What this is
For people who are comfortable in an editor and want the AI right where they work. You vibe-code in Cursor, its agent writes and refactors across files, you review the diffs, and when you’ve got something worth sharing, Revdoku’s CLI publishes the whole folder to a live URL. No separate hosting setup, no CI; revdoku p . from the project directory is the entire deploy step.
When to pick this stack
- You already live in VS Code / Cursor and want building and publishing in the same flow.
- The project is real files on disk (a static site, a built front-end, a prototype) that you want online fast.
- You like keeping editorial control over the agent’s changes rather than fully delegating.
How publishing works (Revdoku)
From the project folder, revdoku p . uploads the files and returns a live URL. (No CLI yet? curl -fsSL https://revdoku.com/install.sh | bash installs it.) You set how open the link is:
- Public, anyone with the link.
- Password-protected, the link plus a shared password.

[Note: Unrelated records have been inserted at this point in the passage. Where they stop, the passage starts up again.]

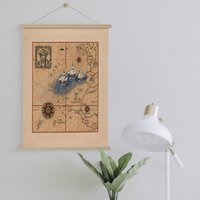 Bildkarte Von Reisen Christoph Columbus Auf Leinwand Druck Mit Aufhängerahmen| Vintage Landkarte| Kunst Für Zuhause & Büro Dekor von Sangalyos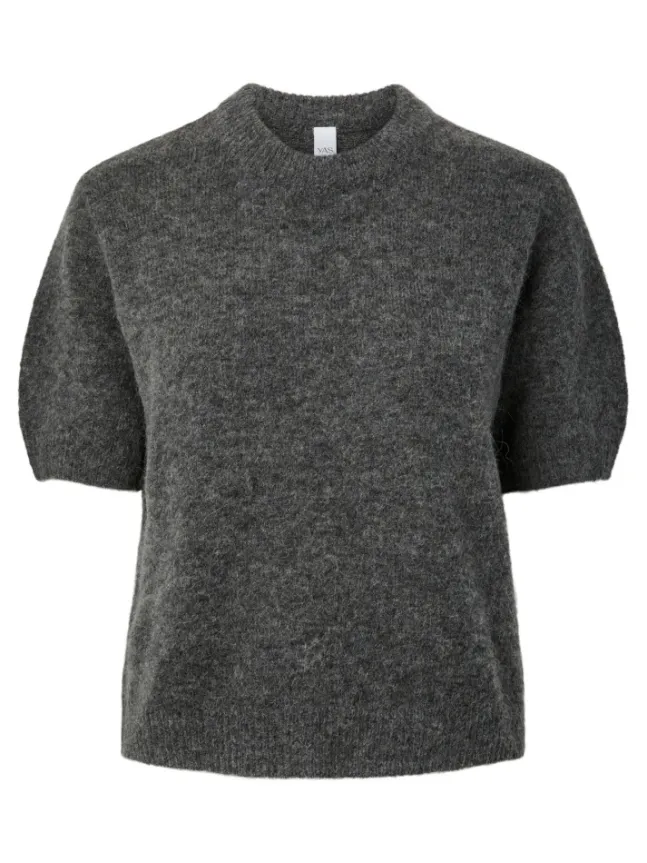 Johi SS Wool Blend Pullover Medium Grey Melange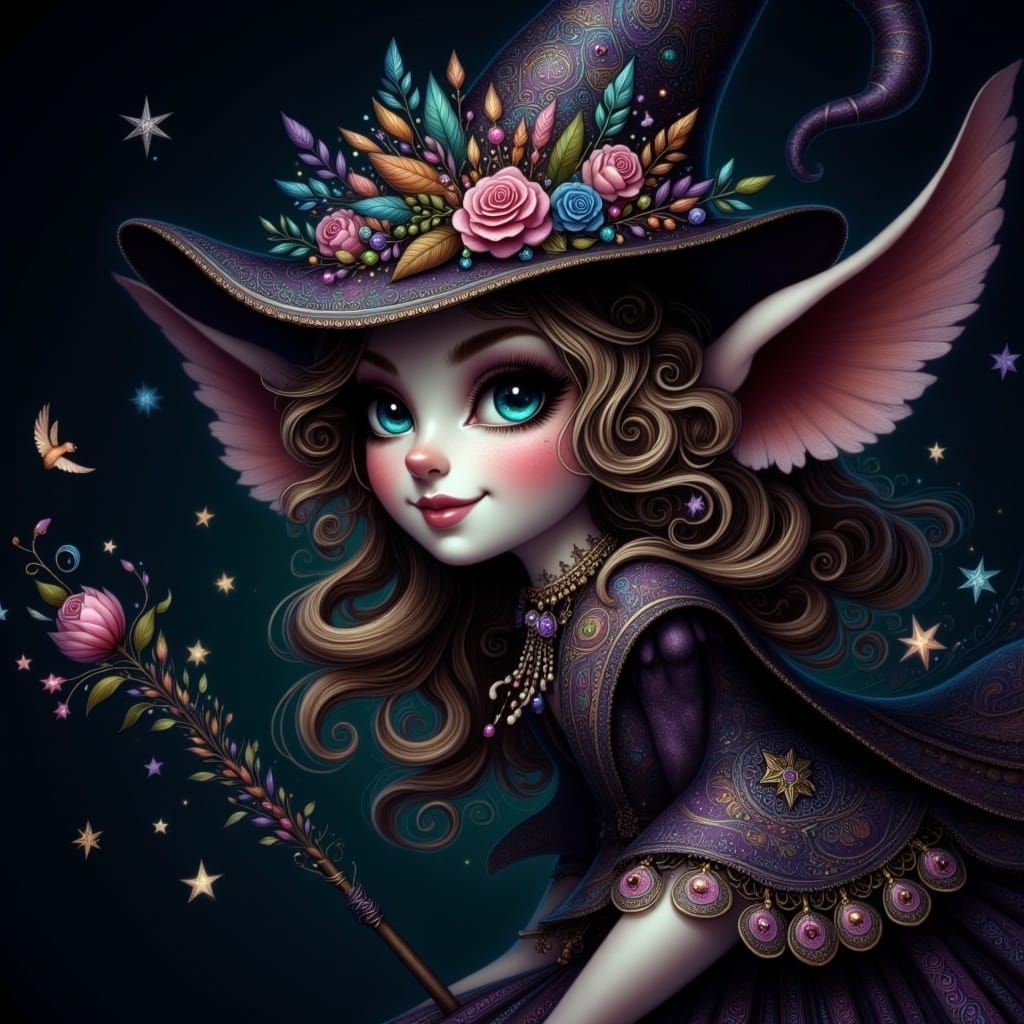 Whimsical Dark Forest Witch Portrait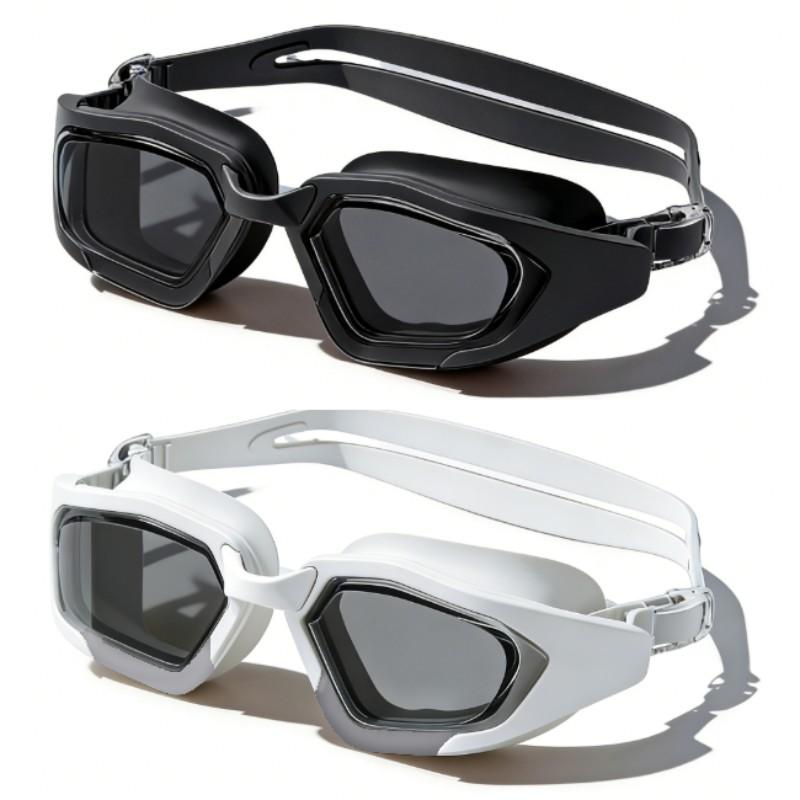 Adult Swim Goggles Set, Waterproof Anti-Fog High Clarity Silicone Swimsuits, Simple Style Pure Color Swimming Gear, Sports Equipment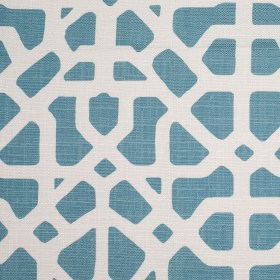 Spanish Blue/White Geometric Poly/Cotton Canvas Spanish Blue/White Geometric Poly/Cotton Canvas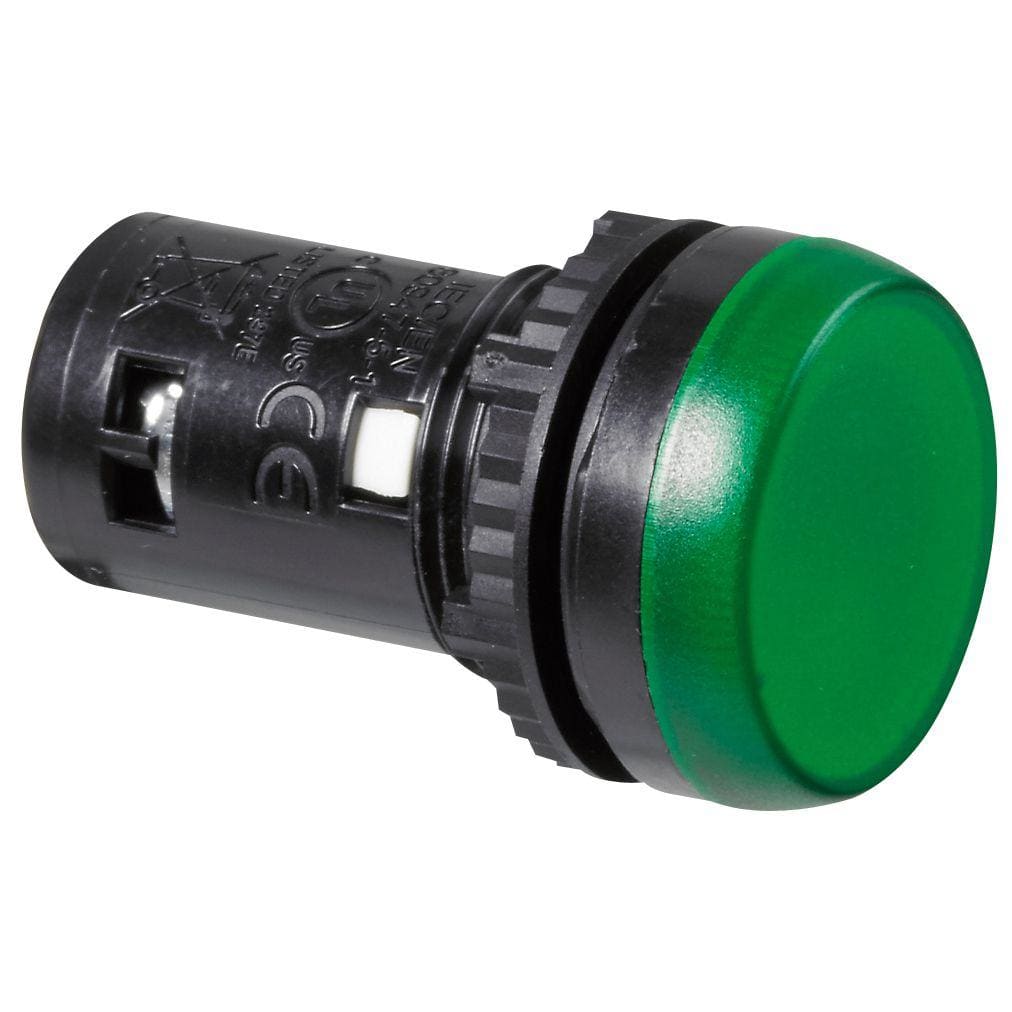 LEGRAND - Indicador luminoso monobloque con LED integrado IP69 Osmoz completo - verde - 24V~ o 24V=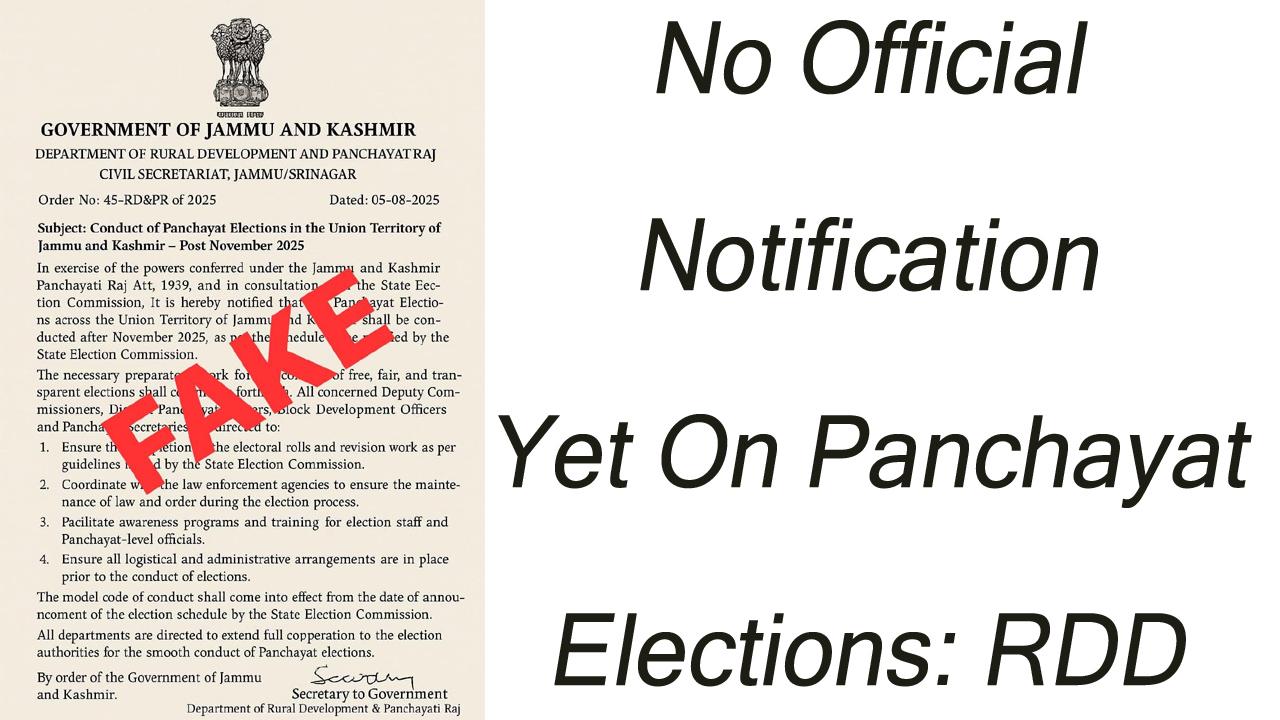 Fake order regarding conduct of Panchayat elections in J&K doing rounds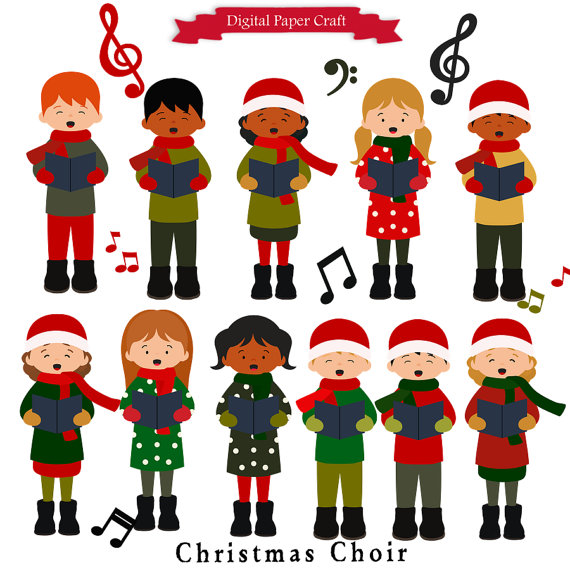 Clipart Christmas Choir   Carol Singers Instant Download   Spend 20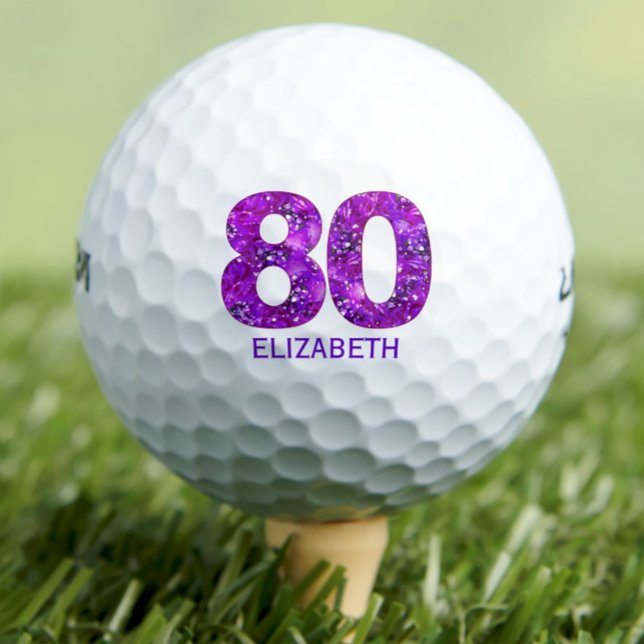 Modern 40th birthday golf balls 80 purple initials (Creator Uploaded)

- Password + email, visitors enter a password and their email, with optional email confirmation to verify the address.
Revdoku reports analytics on how the site is used, and in password + email mode that’s per visitor, you can see which email opened the build and how they used it. Re-running publish updates the same URL, and the free plan covers early projects.
What we’d swap
- Cursor → Windsurf: same idea with a more autonomous agent (Cascade) if you prefer “describe the goal” over “approve each edit.”
- Revdoku stays put: it publishes whatever the editor produces, so the publish step doesn’t change when you switch editors.
Common gotchas
- If you’re using a framework (Next, Vite, etc.), publish the built output folder (e.g.
dist/), not the source, Revdoku serves static files. - Mind what’s in the folder you publish: don’t ship
.envfiles,node_modules, or local secrets along with the site.